Items listed in a dataset:
--- START ---
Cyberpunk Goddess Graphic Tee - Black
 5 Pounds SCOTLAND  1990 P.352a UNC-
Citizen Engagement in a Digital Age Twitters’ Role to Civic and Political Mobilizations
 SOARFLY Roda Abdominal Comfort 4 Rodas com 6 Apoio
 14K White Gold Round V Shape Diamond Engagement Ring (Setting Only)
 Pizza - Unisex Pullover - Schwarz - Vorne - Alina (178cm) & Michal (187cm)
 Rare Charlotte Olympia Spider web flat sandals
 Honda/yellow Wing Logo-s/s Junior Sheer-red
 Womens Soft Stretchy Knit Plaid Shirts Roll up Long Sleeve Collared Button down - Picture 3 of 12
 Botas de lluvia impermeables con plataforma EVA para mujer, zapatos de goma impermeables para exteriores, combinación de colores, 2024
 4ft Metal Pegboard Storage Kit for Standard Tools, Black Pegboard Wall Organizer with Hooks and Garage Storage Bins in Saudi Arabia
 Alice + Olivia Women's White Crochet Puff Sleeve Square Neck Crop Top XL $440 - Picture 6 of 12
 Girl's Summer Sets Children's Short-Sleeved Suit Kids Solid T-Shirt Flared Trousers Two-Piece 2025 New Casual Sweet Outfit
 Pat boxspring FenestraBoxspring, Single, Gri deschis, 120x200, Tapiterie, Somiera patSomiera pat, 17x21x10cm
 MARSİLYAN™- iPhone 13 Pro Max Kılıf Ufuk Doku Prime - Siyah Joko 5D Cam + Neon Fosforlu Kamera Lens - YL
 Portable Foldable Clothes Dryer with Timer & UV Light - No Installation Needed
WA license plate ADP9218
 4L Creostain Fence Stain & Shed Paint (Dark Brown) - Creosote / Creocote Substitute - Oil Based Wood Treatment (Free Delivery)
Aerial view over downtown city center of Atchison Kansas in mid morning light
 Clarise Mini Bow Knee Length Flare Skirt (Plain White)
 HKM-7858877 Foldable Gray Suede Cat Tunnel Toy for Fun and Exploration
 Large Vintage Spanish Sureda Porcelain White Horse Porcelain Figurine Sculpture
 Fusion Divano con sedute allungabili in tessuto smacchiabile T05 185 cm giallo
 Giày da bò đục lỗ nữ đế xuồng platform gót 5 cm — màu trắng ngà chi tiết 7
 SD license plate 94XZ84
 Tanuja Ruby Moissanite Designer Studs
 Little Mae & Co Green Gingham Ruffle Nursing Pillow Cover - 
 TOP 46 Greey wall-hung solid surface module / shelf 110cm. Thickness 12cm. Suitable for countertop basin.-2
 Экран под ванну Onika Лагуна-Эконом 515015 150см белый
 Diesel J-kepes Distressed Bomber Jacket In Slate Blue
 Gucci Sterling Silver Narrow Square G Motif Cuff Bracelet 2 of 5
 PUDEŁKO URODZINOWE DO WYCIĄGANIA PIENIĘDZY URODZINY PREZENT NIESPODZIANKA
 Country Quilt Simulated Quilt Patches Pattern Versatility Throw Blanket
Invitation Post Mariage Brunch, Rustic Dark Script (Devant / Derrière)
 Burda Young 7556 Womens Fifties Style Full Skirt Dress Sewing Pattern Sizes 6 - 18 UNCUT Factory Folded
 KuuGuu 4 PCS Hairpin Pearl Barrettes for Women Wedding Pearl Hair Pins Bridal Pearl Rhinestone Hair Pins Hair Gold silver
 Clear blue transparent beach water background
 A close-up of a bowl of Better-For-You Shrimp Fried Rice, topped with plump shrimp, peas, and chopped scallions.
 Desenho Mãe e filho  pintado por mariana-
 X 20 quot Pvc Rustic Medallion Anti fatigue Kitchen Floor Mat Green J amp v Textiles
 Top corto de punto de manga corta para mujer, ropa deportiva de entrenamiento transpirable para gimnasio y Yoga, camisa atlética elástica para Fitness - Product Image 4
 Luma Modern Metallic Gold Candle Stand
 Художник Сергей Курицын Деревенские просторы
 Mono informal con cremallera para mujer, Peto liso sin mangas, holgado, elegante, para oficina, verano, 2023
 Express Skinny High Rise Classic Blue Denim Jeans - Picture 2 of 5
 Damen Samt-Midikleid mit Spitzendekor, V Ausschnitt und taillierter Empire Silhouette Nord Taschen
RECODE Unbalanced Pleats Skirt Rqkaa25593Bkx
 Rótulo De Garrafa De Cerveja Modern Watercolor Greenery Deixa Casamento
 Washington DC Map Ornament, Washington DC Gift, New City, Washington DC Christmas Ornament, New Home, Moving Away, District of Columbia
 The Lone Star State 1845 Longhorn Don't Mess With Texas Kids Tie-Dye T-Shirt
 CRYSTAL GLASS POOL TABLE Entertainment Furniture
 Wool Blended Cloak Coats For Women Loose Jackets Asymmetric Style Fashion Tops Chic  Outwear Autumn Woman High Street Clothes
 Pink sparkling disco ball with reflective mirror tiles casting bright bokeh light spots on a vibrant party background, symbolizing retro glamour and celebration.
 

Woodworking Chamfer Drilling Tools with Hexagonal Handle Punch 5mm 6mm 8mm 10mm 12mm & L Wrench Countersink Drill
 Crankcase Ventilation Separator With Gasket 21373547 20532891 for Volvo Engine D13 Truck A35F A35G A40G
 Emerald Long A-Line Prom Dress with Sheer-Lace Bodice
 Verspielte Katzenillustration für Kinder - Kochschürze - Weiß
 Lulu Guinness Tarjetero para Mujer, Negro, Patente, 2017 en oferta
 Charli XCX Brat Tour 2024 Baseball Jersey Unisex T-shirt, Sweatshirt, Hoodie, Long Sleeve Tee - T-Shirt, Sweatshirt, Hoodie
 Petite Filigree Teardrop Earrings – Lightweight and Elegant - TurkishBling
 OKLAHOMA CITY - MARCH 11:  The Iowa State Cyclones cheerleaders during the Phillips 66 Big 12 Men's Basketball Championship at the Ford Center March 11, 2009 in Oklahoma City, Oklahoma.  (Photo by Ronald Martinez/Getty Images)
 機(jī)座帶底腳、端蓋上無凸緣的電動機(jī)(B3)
--- END ---
◆ WORK ORDER
Take exactly the lines from the one containing "SOARFLY Roda Abdominal" through the one containing "HKM-7858877 Foldable Gray" in the data above, and output them with nothing added.

◆ FINISHED TASK
 SOARFLY Roda Abdominal Comfort 4 Rodas com 6 Apoio
 14K White Gold Round V Shape Diamond Engagement Ring (Setting Only)
 Pizza - Unisex Pullover - Schwarz - Vorne - Alina (178cm) & Michal (187cm)
 Rare Charlotte Olympia Spider web flat sandals
 Honda/yellow Wing Logo-s/s Junior Sheer-red
 Womens Soft Stretchy Knit Plaid Shirts Roll up Long Sleeve Collared Button down - Picture 3 of 12
 Botas de lluvia impermeables con plataforma EVA para mujer, zapatos de goma impermeables para exteriores, combinación de colores, 2024
 4ft Metal Pegboard Storage Kit for Standard Tools, Black Pegboard Wall Organizer with Hooks and Garage Storage Bins in Saudi Arabia
 Alice + Olivia Women's White Crochet Puff Sleeve Square Neck Crop Top XL $440 - Picture 6 of 12
 Girl's Summer Sets Children's Short-Sleeved Suit Kids Solid T-Shirt Flared Trousers Two-Piece 2025 New Casual Sweet Outfit
 Pat boxspring FenestraBoxspring, Single, Gri deschis, 120x200, Tapiterie, Somiera patSomiera pat, 17x21x10cm
 MARSİLYAN™- iPhone 13 Pro Max Kılıf Ufuk Doku Prime - Siyah Joko 5D Cam + Neon Fosforlu Kamera Lens - YL
 Portable Foldable Clothes Dryer with Timer & UV Light - No Installation Needed
WA license plate ADP9218
 4L Creostain Fence Stain & Shed Paint (Dark Brown) - Creosote / Creocote Substitute - Oil Based Wood Treatment (Free Delivery)
Aerial view over downtown city center of Atchison Kansas in mid morning light
 Clarise Mini Bow Knee Length Flare Skirt (Plain White)
 HKM-7858877 Foldable Gray Suede Cat Tunnel Toy for Fun and Exploration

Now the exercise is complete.